In his The Miller’s Tale Chaucer presents a side of the courtly love tradition

never seen before. His characters are average middle class workers rather than

elite nobility. There is an interesting comparison between the Miller’s

characters and those in two of Marie de France’s lais that share very close plot

lines. Instead of being idealized Chaucer’s characters are gritty. Instead of

being involved in "courtly love" there is some evidence that the

relationship between Alison and Nicholas is one of lust. Chaucer’s use of the

lower class makes the absurdity of what they are doing stand out. In the lais of

Marie de France, Guigemare and Yonec, are built on the same archetype which is

the same as Chaucer’s Miller’s tale uses. Marie’s lais can give provide a set of

"ground rules" for this archetype. The two lais share several similar

elements. They both contain the same three central characters, who possesses

fundamental similarities, the same beginning plot line and several of the same

themes. The first character shared by the two lais is the story’s villain, the

aged husband. He is a powerful lord who is much older than his wife. Because he

is conscious of this fact, he worries constantly that his wife will betray him,

so he locks her up. He is both the least and most important figure in the story.

He’s important because without his presence and actions the story could never

take place. But he has very little actual interaction with the other two more

central characters. The husband in Yonec is never described as meeting either

his wife or her lover. In Guigemare the husband, wife and Guigemare are only

together when the two lovers are discovered. The figure of the beautiful,

imprisoned wife is the second central character. She is the quintessential

damsel in distress, beautiful, noble (and with the exception of her one true

love) chaste. The third character is the valiant lover who rescues the unhappy

and imprisoned damsel. In both Guigemare and Yonec this character is a knight,

and like his lover, the damsel in distress, he is the stereotypical "knight

in shining armor." He is described as being afflicted by love, and says he

will die without it. He will go to any extent for his true love. As with

characters both Guigemare and Yonec share a similar plot line. The young wife is

locked up by her jealous husband. Then by some magical means her lover is

transported to her. After some protestation from the woman, and some wooing from

the knight, the two become lovers, until they are discovered and separated.

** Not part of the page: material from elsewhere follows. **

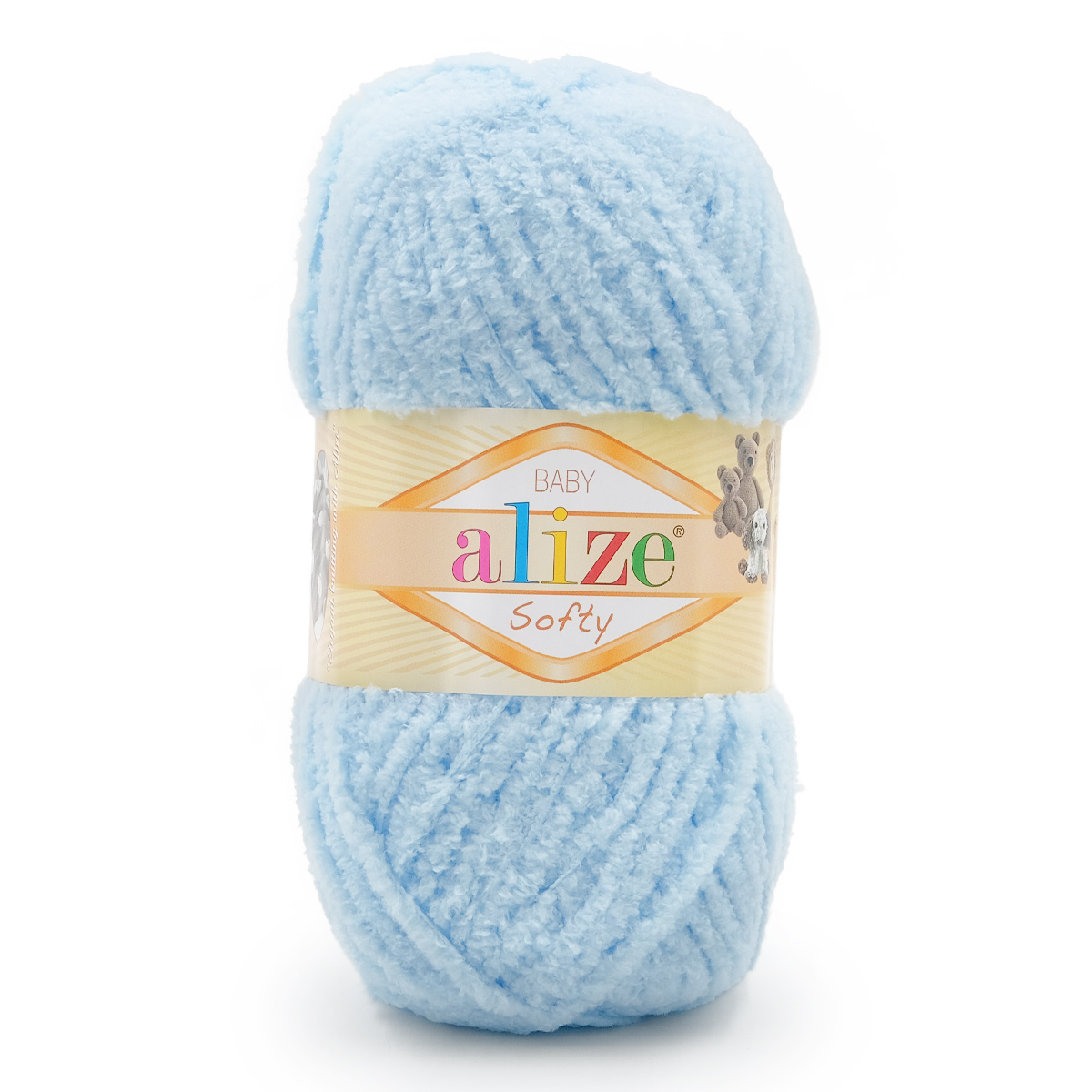Пряжа для вязания Alize softy 50 гр 115 м микрополиэстер мягкая фантазийная 183 светло-голубой 5 мотков - фото 5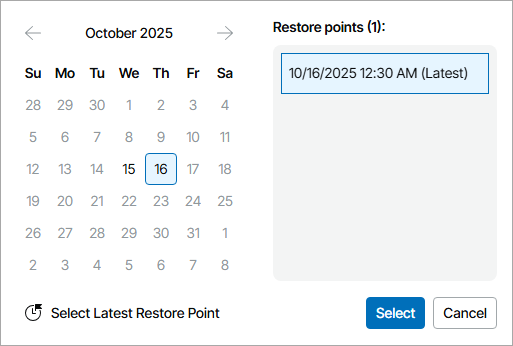 Step 2. Select Restore Point and Files to Restore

After this point the two plots diverge. Also central to both stories is the idea

that these extra-marital affairs are not improper. In Guigemare, the lady’s maid

says to the knight: "The man who wishes to love my lady must keep her

constantly in his thoughts and, if you remain faithful to each other, the love

between you will be right and proper." (pg. 49) Obviously fidelity is

important, but not forced fidelity. Love is more important than marriage in

these lais. It’s also important to note the chastity of the lovers. There is no

mention of contact between the imprisoned wives and their husbands. In Yonec the

Lord of Caerwent takes his wife for the purpose of child bearing, but she is

imprisoned for seven years before meeting her lover and no children are

evidenced from the text. Guigemare has never been in love before he meets his

true love. This gives the love and actions between the pairs seem even more

pure, and also makes it seem to be less sinful. Love is a powerful force in both

these stories. It is not only the driving force behind the character’s actions,

but it also causes them physical affliction. Marie de France writes in Guigemare:

"But love had now pierced him to the quick and his heart was greatly

disturbed. For the lady wounded him so deeply he had completely forgotten his

homeland. . .The knight remained alone, mournful and downcast. He did not yet

realize the cause, but at least he knew that, if he were not cured by the lady

his death would be assured." (pg. 48) To Guigemare at least love is the

most important thing there is. This consideration is even more striking by the

fact that Guigemare either could not or would not fall in love while in his own

land. So those are the basic elements involved in the "imprisoned

wife" archetype used by Marie. In The Miller’s Tale Chaucer uses same basic

plot line, and similar characters. One of the largest differences between the

Chaucer’s characters and Marie’s characters is their level of wealth and their

position in society. This causes them to be portrayed in a different manner than

Marie’s rich, noble characters. The first of the three major characters is

present largely unchanged. He is not of course a king or lord, but John the

carpenter is obviously a man of at least some amount of wealth, evidenced by the

fact that he has a house that is big enough that he can rent rooms from. He is

also more present than the jealous husband of Marie. He does not lock his wife

up in a tower and stay far away from her. Unlike the husbands in Marie’s lais he

still has contact with his wife. The two sleep in the same bed (as we see when

Absalom tries to sing to Alison). John’s level of jealousy is not as great as

that of Marie’s husbands. When he awakens to hear Absalom singing to his wife he

does nothing. And as Absalom continues to try to woo John’s wife away from him

in his presence, he still does nothing. The king in Yonec kills his wife’s

lover, in Guigemare he at first attempts to do the same. He even allows a man,

Nicholas, to be near to his wife. The only man allowed close to Guigemare’s

lover is a priest who had "lost his lower members." Alison, Chaucer’s

imprisoned wife, is less of the ideal than her counterparts in Marie. Certainly

she is beautiful. But her is beauty is slightly flawed. She is "graceful

and slim like [a] weasel." By comparing her with a weasel Chaucer makes

Alison seem to be dirty and untrustworthy. Morally the comparison between Alison

and her counterparts in Marie is more confusing. Chaucer describes her as having

a "wanton eye." But her protestation seems to be more real, and

Nicholas seems to have gone to farther lengths to make her his lover. When

Nicholas professes his love to her Chaucer describes her reaction as such:

"[She] twisted her head away hard/ and said, ‘I won’t kiss you, on my

faith;/ why let me be,’ she said, ‘let be, Nicholas, or I’ll cry

"Help!" and "alas!"” (pg. 155) Alison seems quite adamantly

opposed to becoming Nicholas’ lover here, as opposed to the wife in Yonec, who

simply needs proof that her lover to be is Christian. Her refusals, and then

Nicholas only winning when he had "pushed her so hard" sounds, at

least to the modern reader, to be rape. But just lines later she swears a vow

with Nicholas. The shifts made by the women in Marie are not nearly so drastic.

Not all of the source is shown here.